Is it lost for everyone or is it more like a stock buyback? Did everyone's money become 0.000000001% more valuable by taking that chunk out of circulation?
But if you go deeper in the meaning of money, it's even better: when you receive money, what you actually receive is an IOU for a good or a service. E.g. when you receive $40 for fixing a computer, it means the society owes you $40 that you can claim at any time. Burning the $40 means that you fixed the computer for free, and that you don't want anything in return, and at the same time nobody can claim the $40 in your name (i.e. you didn't give the money away).
The "you should buy anything to move the economy" is a well known economic fallacy.

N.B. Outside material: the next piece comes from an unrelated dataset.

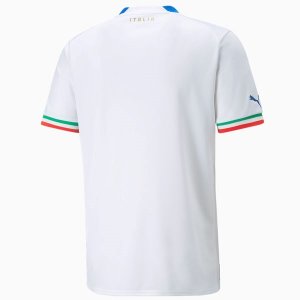 Thailande Maillot De Foot Italie Exterieur 2022-2023 Pas Cher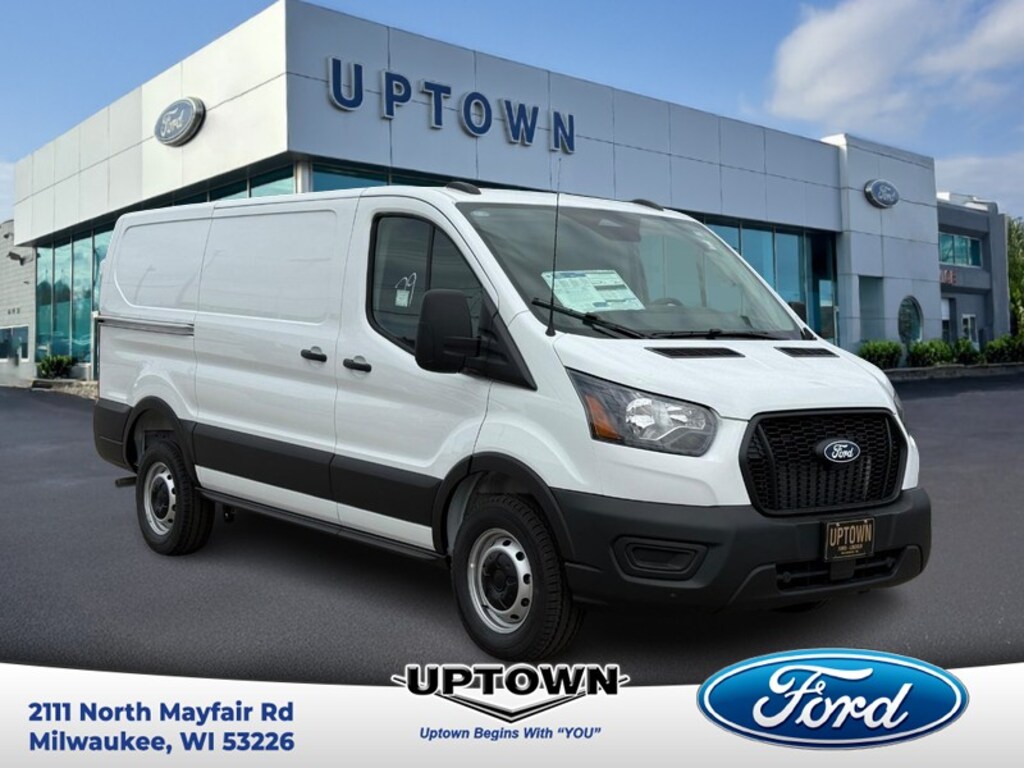 New 2026 Ford Transit Cargo Van T-250 130 Low Rf 9150 Gvwr RWD Mini-Van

The point is that in real life (as opposed to an academic textbook) burning those $40 does not do anything useful or positive to anyone, while spending them or giving them away to someone would do something useful.
Not an economist, but in crypto, "coin burns" are a regular occurrence where a percentage of supply is destroyed, typically by sending to a public address for which the corresponding private key is proven unknown.
The result is intended to be a rise in price, benefiting all holders. It can be uncertain to assess whether a resultant rise in price is actually due to a coin burn, but given a coins supply is commonly used as a valuer, it's plausible.
So while people do what they want with their money, actually burning it like is rightly seen as a dick move by most people. It is also illegal in many countries.